I was reading an article about the identity of the average Italian the other day. She sounded like the average shopper, the person to whom advertising and marketing — especially in the consumer good industry — is addressing its calls to action.
As I talk with young couples, I also learn about arrangements where dad works from or is at home with the children, while mom goes to the office and travels more.
Many of my friends have made these kinds of arrangements. Research also suggests dads are spending more time at home and playing an increased role in family life.
In a poll conducted by Yahoo! last October, and reported by eMarketer, found that more fathers are in product decision-making situations more often for a number of categories. While there are plenty of ads that cater to men only — and we just saw several air during the Super Bowl — few speak to dads.
From the poll, 66% of dads felt ignored by apparel advertising, yet 57% of dads claimed they are the primary decision-maker and an additional 37% shared decision-making in the category. With child and baby care, 57% of dads felt alienated by ads, yet 80% were either primary or shared decision-makers.
And as eMarketer reports, dad research products and services online. According to a June 2010 Kelton Research study for Procter & Gamble, the top three topics dads researched online were technology (60%), food or cooking (55%) and how to build, repair or care for things in the home (53%).
Dads are digital
In fact, the consumer research I have relied on when working with large CPGs supports that dads are digital– they go online, read reviews, and search retail sites as much if not more than their spouses. However, according to the Yahoo! study, dads feel online ads do not speak to them.
They are starting to speak to each other more. My friend CC Chapman started a site called Digital Dads a couple of years ago. The site takes a unique look at manhood and fatherhood from a male-centric perspective.
Their features encompass: Humor, sports, cooking, fashion, parenting, coaching, sex, and many other interests central to being a man and father in today's society. As CC told me in an email exchange, they've seen traffic more than double in the last year and the level of engagement with viewers and readers is going up as well as more writers create content around a variety of different topics.

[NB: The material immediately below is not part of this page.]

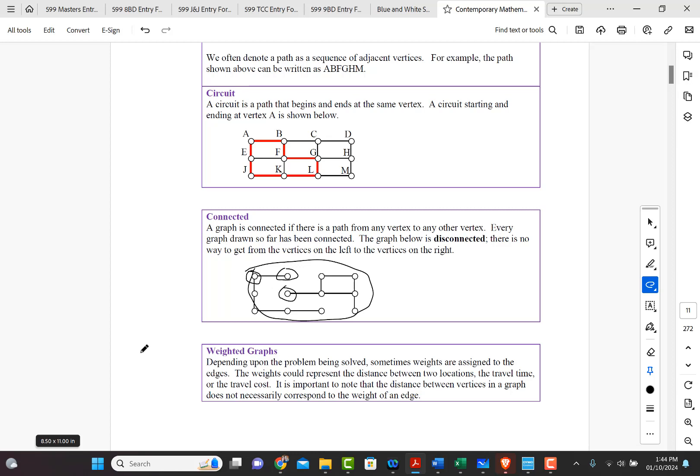It could also represent cost. It is important to note that the distance between vertices in a graph does not necessarily correspond to the weight of an edge.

Sharing leads to better relationships
Maybe you have missed it, I have seen more Twitter bios listing "dad", comparatively speaking. And in case you were wondering, 45% of the Twitter population in the US is male.

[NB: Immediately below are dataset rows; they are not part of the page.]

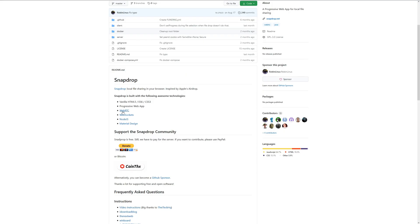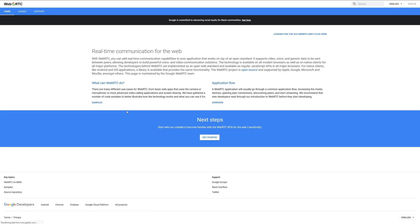To handle the transfer of files, SnapDrop uses what's called WebRTC, or Real-Time Communication. Think of it as a peer-to-peer file transfer. When I first set up SnapDrop on my server and tried to run it locally, things worked a little bit, but they didn't go so smoothly.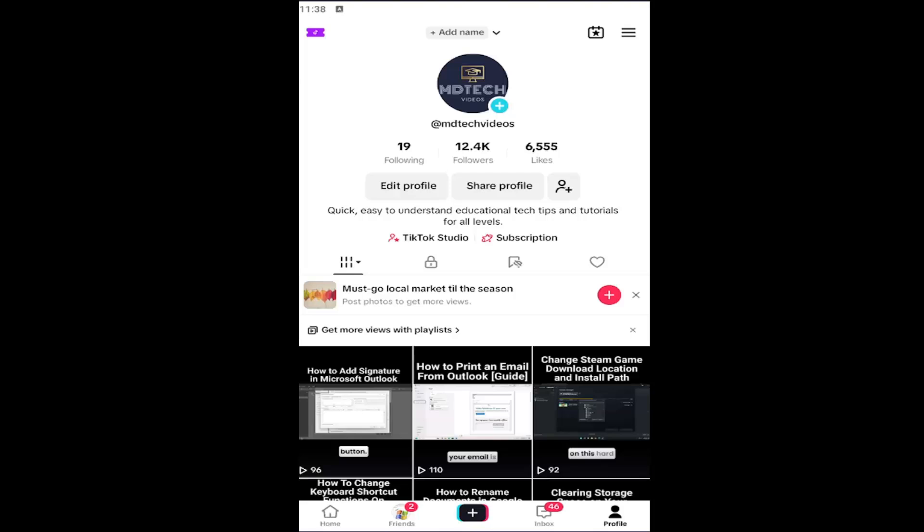Without further ado, let's go ahead and jump straight into it. All you have to do is open up the TikTok app. If you're unsure how to get to this page, select the profile button at the bottom right.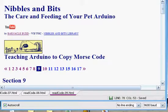Hello again. This is a short video that goes along with section 9 of our Nibbles and Bits series where we're teaching Arduino to copy Morse code.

The P&G/Kelton survey highlighted that nearly half (48%) of married dads report a fulfilled feeling from learning how to do new things around the house, such as cook or do home repairs. And, about one in three fathers would be interested to learn more about advanced home renovation (35%), basic home repair (33%) or landscaping and gardening (33%).
Dads also admit they'd like some assistance with parenting tasks, such as shopping for school clothes or supplies (41%), talking to their child about important issues (39%) or planning family outings or trips (37%).
Man of the house
We often talk about organizations needing to become publishers. One organization has been doing it for a while. Man of the House is their latest publication, which is designed to offer advice to family men and inform them about its products.
The publication tackles topics that range from health and sex life, to technology, home repairs and safety, as well as fatherhood. It's a commitment and potentially a gamble on an under-served slice of the population. Will it pay off?
In a recent interview, company representatives stated that they were pleased with the results so far — from zero to a half-million monthly unique visitors in the June-December 2010 time frame. As Andrew Martin reports, by comparison, AskMen.com, a site with similar content, although targeted at guys overall, and not just dads, had 5.5 million unique visitors in December (comScore.)
Bolder look for the bold move
I would make Man of the House bolder — punching up and reorganizing the information and graphics above the fold. The colors as well. There is too much information competing for attention there. Choose for the reader, then let visitors choose with you as time goes on.
Think like a publisher — it's about what you leave out as much as what you put in. Pick three to five stories and rotate them with eye catching photographs and sharper headlines. Give them a reason to come back by changing one feature regularly.
Support the site with a strong editorial imprint below the fold. What's the emotional appeal, how do you catch the eye, and how do you keep it there? It's both heads, and shoulders, if you forgive the pun.
Procter & Gamble was one of the pioneers in word-of-mouth marketing. The company created one of the first radio soap operas to market its products, which it then took to television with As the World Turns. Will their new publication pay off?
Your take: are dads a new (unexplored) market opportunity?